_Activity_: Extract the line that contains "Luxury Women’s Retro" and every line after it to the end of the records below, exactly as written and nothing else.

_Data extract_:
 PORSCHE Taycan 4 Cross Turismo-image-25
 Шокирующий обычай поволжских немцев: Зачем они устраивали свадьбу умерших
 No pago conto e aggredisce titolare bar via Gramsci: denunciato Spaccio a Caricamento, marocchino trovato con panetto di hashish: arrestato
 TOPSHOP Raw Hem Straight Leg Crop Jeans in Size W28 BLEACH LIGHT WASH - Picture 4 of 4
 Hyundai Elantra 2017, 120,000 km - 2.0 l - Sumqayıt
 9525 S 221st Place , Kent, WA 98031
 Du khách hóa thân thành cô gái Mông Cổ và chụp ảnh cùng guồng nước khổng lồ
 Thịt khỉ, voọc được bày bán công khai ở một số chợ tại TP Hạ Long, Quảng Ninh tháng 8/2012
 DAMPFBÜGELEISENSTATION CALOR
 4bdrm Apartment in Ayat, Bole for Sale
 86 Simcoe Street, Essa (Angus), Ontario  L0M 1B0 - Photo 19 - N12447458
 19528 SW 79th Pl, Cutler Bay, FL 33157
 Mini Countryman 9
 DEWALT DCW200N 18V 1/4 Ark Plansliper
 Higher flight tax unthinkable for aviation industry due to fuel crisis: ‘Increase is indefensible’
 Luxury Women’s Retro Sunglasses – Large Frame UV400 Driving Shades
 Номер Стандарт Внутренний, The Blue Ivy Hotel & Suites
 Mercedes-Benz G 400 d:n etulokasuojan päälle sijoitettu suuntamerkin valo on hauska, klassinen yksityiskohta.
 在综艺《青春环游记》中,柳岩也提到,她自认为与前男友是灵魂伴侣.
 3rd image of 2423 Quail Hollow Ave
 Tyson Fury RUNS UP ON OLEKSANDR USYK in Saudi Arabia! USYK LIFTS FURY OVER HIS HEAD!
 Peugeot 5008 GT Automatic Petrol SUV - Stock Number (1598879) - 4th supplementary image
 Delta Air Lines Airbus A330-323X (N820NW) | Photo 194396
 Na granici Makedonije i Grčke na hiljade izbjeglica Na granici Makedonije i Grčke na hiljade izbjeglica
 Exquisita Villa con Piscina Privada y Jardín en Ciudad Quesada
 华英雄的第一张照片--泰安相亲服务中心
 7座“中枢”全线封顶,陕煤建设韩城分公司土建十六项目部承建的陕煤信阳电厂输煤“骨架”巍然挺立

_Response below_:
 Luxury Women’s Retro Sunglasses – Large Frame UV400 Driving Shades
 Номер Стандарт Внутренний, The Blue Ivy Hotel & Suites
 Mercedes-Benz G 400 d:n etulokasuojan päälle sijoitettu suuntamerkin valo on hauska, klassinen yksityiskohta.
 在综艺《青春环游记》中,柳岩也提到,她自认为与前男友是灵魂伴侣.
 3rd image of 2423 Quail Hollow Ave
 Tyson Fury RUNS UP ON OLEKSANDR USYK in Saudi Arabia! USYK LIFTS FURY OVER HIS HEAD!
 Peugeot 5008 GT Automatic Petrol SUV - Stock Number (1598879) - 4th supplementary image
 Delta Air Lines Airbus A330-323X (N820NW) | Photo 194396
 Na granici Makedonije i Grčke na hiljade izbjeglica Na granici Makedonije i Grčke na hiljade izbjeglica
 Exquisita Villa con Piscina Privada y Jardín en Ciudad Quesada
 华英雄的第一张照片--泰安相亲服务中心
 7座“中枢”全线封顶,陕煤建设韩城分公司土建十六项目部承建的陕煤信阳电厂输煤“骨架”巍然挺立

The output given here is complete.